-- Opening Marker --

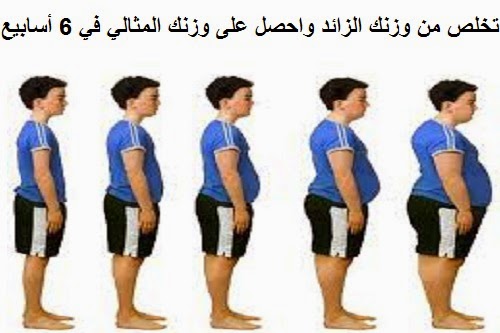 Photo of تخلص من وزنك الزائد واحصل على وزنك المثالي في 6 أسابيع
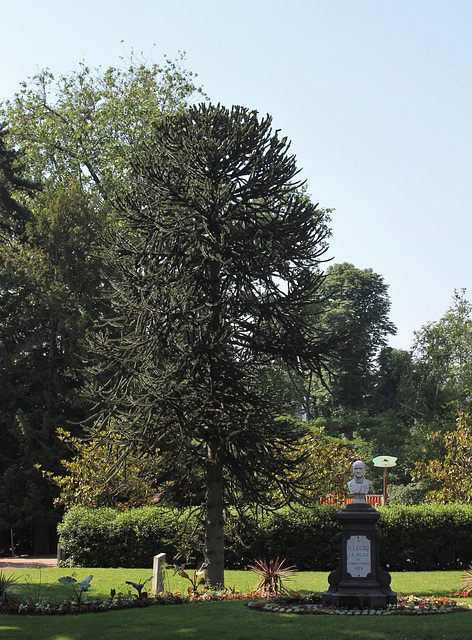 Araucaria araucana et buste de Henri Lecoq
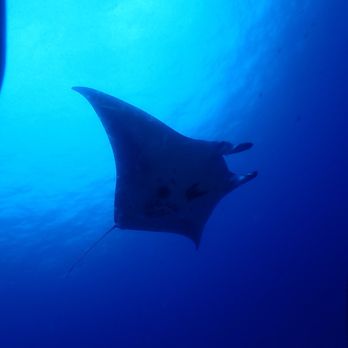 Aquatic Life Divers - Matthew McCono-Ray!!! - Scuba Diving Near Me - Kailua-kona, Hawaii Aquatic Life Divers - Matthew McCono-Ray!!! - Scuba Diving Near Me - Kailua-kona, Hawaii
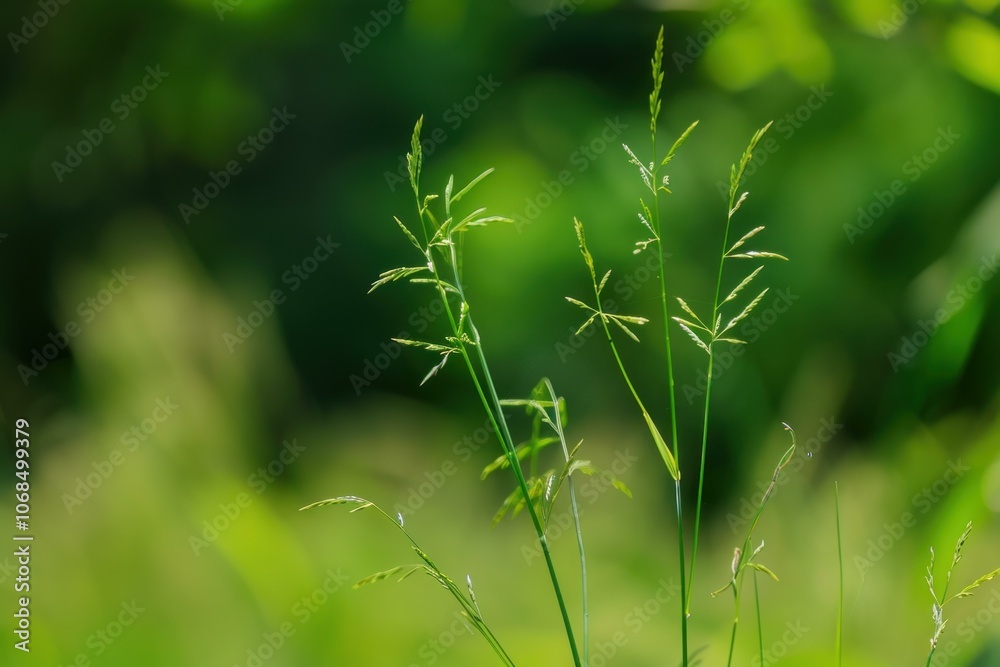 Green grass is growing wild in nature with blurred background Green grass is growing wild in nature with blurred background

-- Closing Marker --

## To do
Reproduce only the lines from the beginning of the data through the line that contains "Araucaria araucana et buste de Henri Lecoq", both included, and please drop the pictures.

## Response area
 Photo of تخلص من وزنك الزائد واحصل على وزنك المثالي في 6 أسابيع
 Araucaria araucana et buste de Henri Lecoq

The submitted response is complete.